### Your instructions:
Your answer should be the full data, transcribed exactly, with no pictures in it.

### Data below:
====

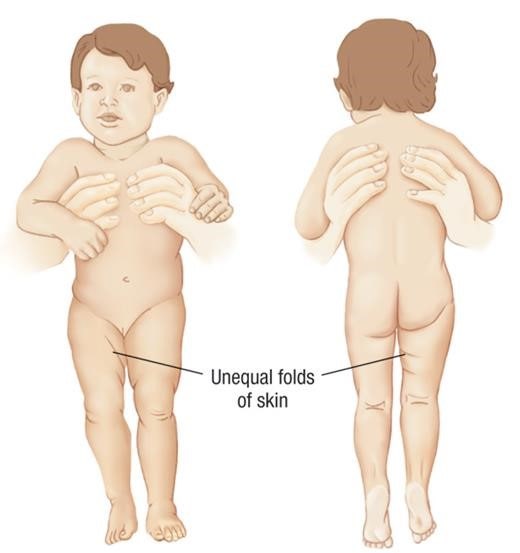 2개월 예방접종 시에 놓치면 안 되는 질환 – 발달성 고관절 이형성증의 진단 : 네이버 블로그 2개월 예방접종 시에 놓치면 안 되는 질환 – 발달성 고관절 이형성증의 진단 : 네이버 블로그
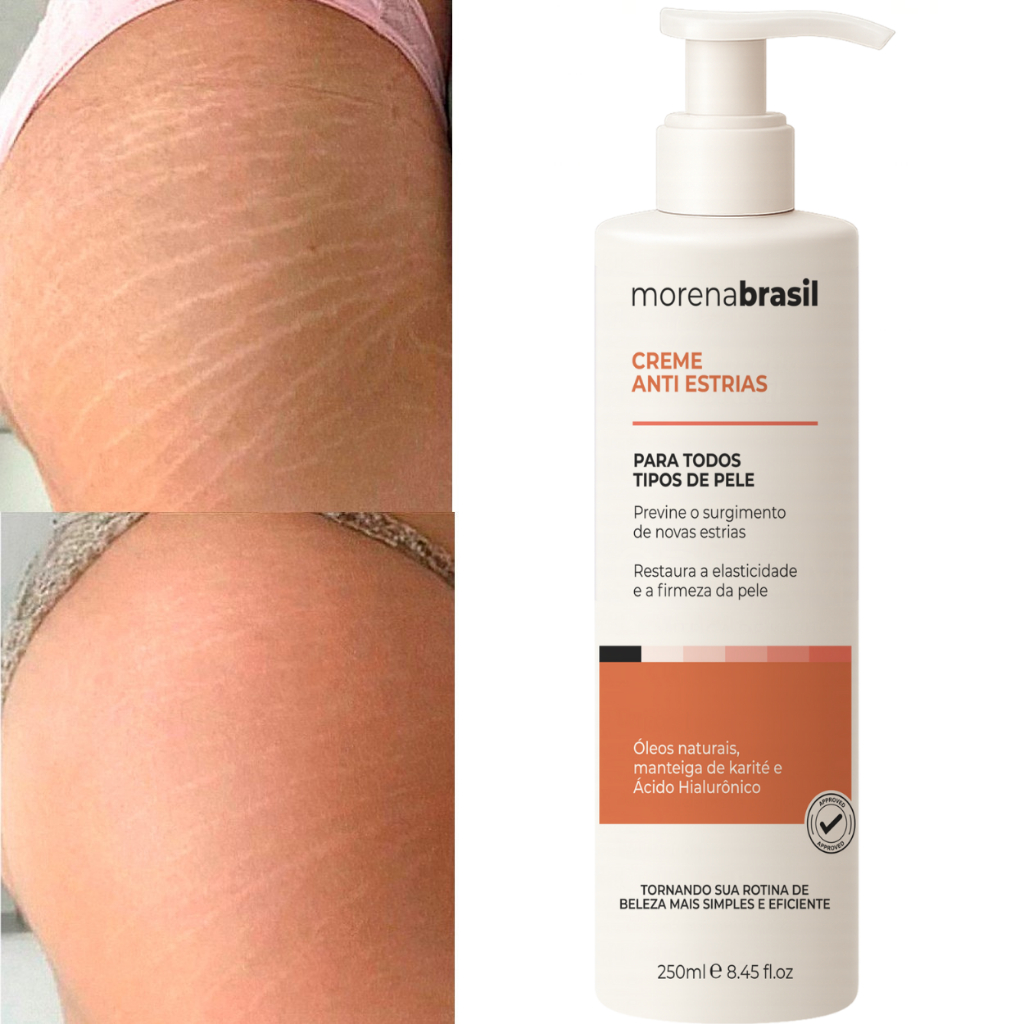 Creme Anti-Estrias Morena Brasil - Previne novas estrias | Reforça a elasticidade da pele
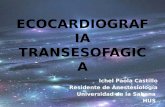 Ecocardiografia Transesofagica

====

### Your solution:
 2개월 예방접종 시에 놓치면 안 되는 질환 – 발달성 고관절 이형성증의 진단 : 네이버 블로그 2개월 예방접종 시에 놓치면 안 되는 질환 – 발달성 고관절 이형성증의 진단 : 네이버 블로그
 Creme Anti-Estrias Morena Brasil - Previne novas estrias | Reforça a elasticidade da pele
 Ecocardiografia Transesofagica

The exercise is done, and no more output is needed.